*Problem to work on*
As soon as the line containing "Сръбският президент Александър" appears, start repeating lines exactly and continue to the end of the entries; please skip pictures.

[[ Available data, beginning ]]

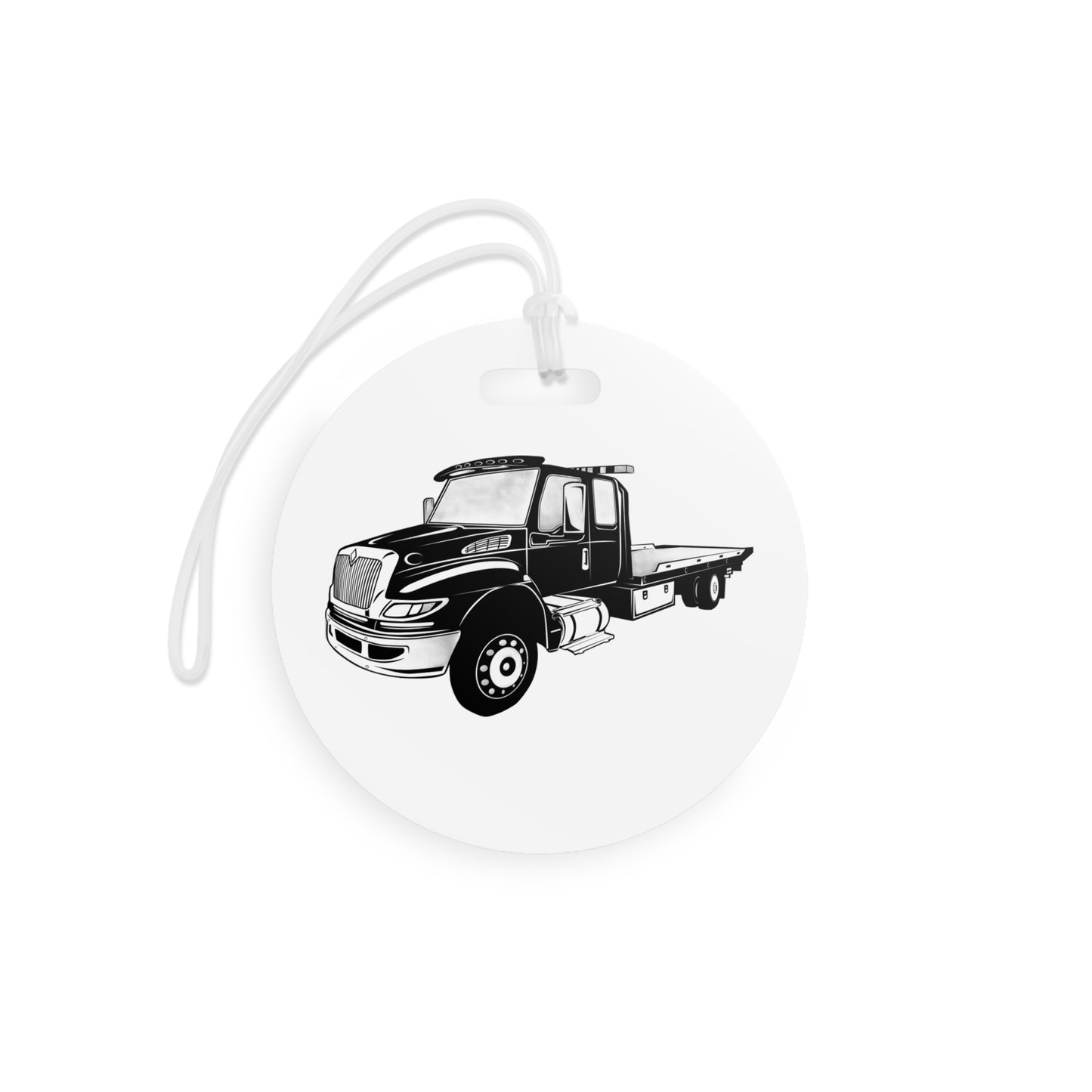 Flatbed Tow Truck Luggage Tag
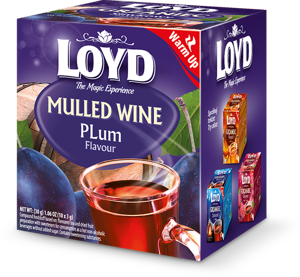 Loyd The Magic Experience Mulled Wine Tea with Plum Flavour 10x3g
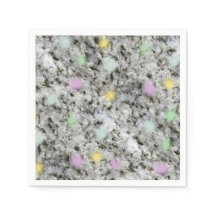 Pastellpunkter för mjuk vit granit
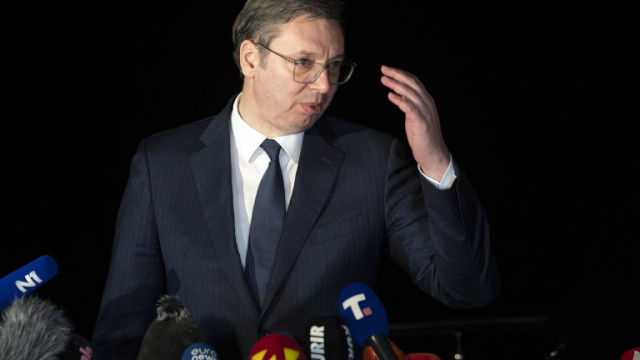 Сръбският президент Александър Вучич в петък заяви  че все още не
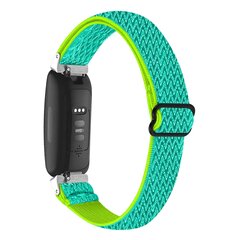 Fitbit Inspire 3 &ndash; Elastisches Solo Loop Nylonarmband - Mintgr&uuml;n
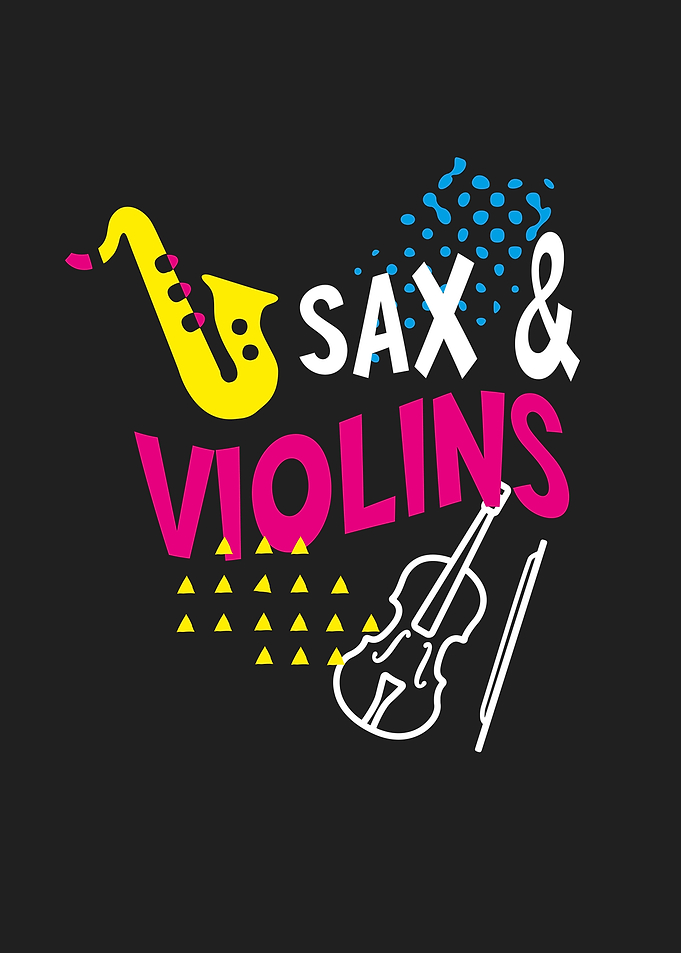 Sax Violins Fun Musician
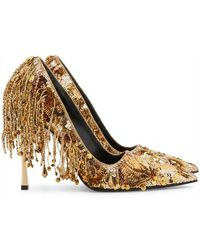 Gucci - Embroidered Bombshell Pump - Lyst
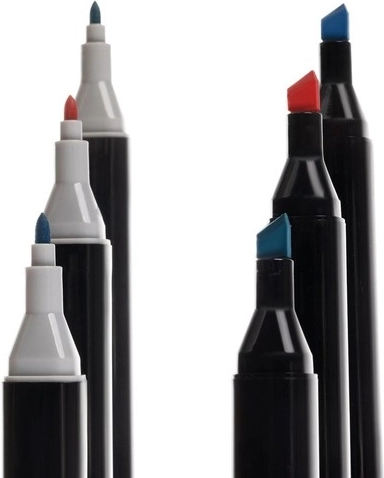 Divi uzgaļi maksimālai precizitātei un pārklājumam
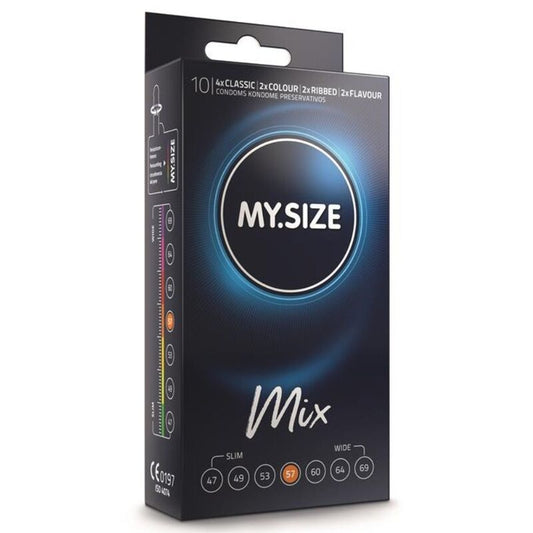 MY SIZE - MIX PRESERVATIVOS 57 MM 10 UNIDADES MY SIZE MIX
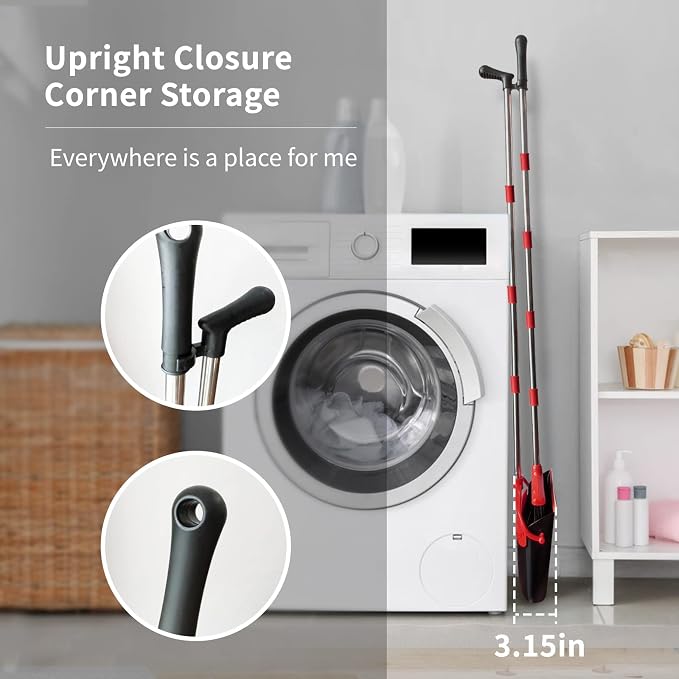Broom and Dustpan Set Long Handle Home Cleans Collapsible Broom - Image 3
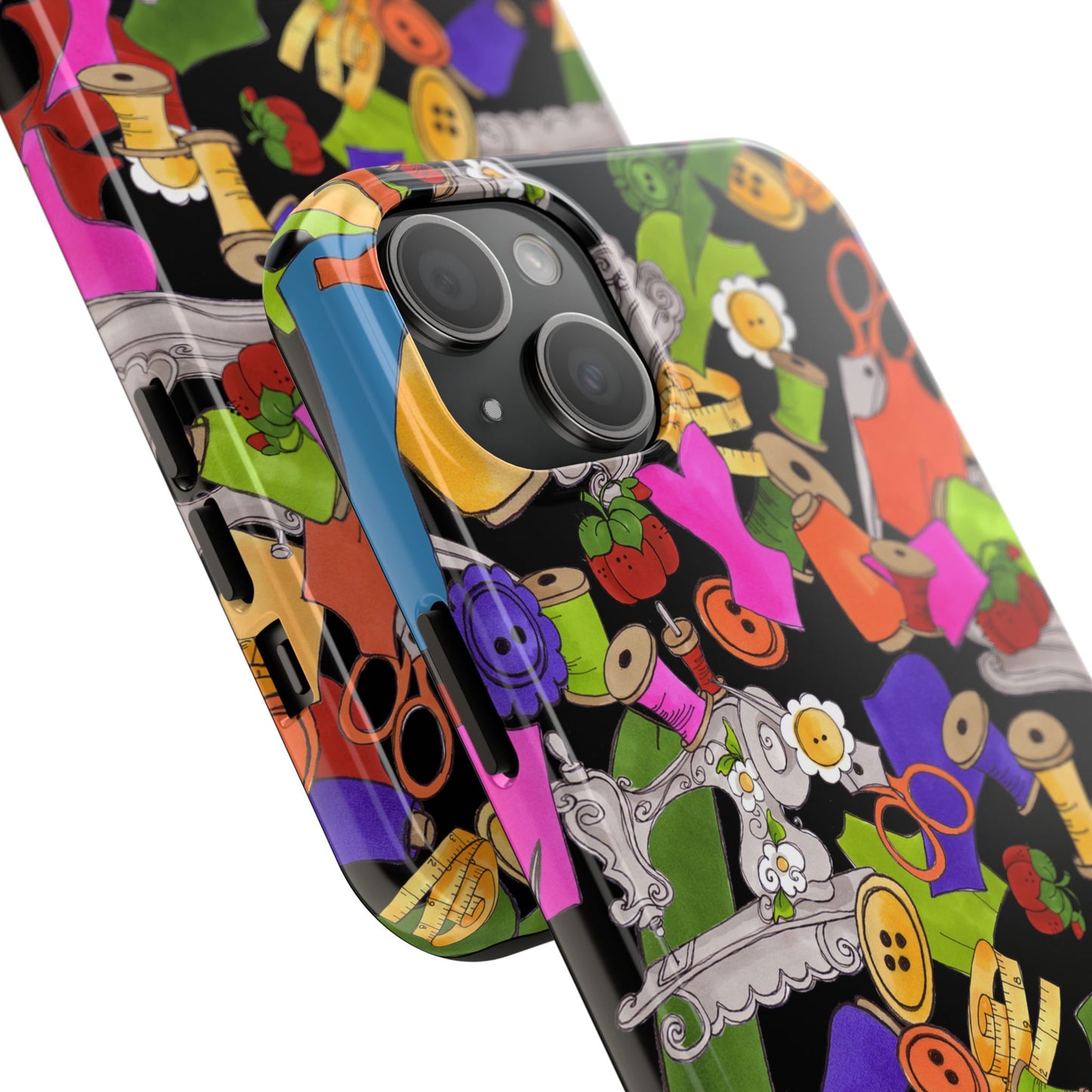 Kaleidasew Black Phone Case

[[ Available data, end ]]

*Exercise response*
 Сръбският президент Александър Вучич в петък заяви  че все още не
 Fitbit Inspire 3 &ndash; Elastisches Solo Loop Nylonarmband - Mintgr&uuml;n
 Sax Violins Fun Musician
 Gucci - Embroidered Bombshell Pump - Lyst
 Divi uzgaļi maksimālai precizitātei un pārklājumam
 MY SIZE - MIX PRESERVATIVOS 57 MM 10 UNIDADES MY SIZE MIX
Broom and Dustpan Set Long Handle Home Cleans Collapsible Broom - Image 3
 Kaleidasew Black Phone Case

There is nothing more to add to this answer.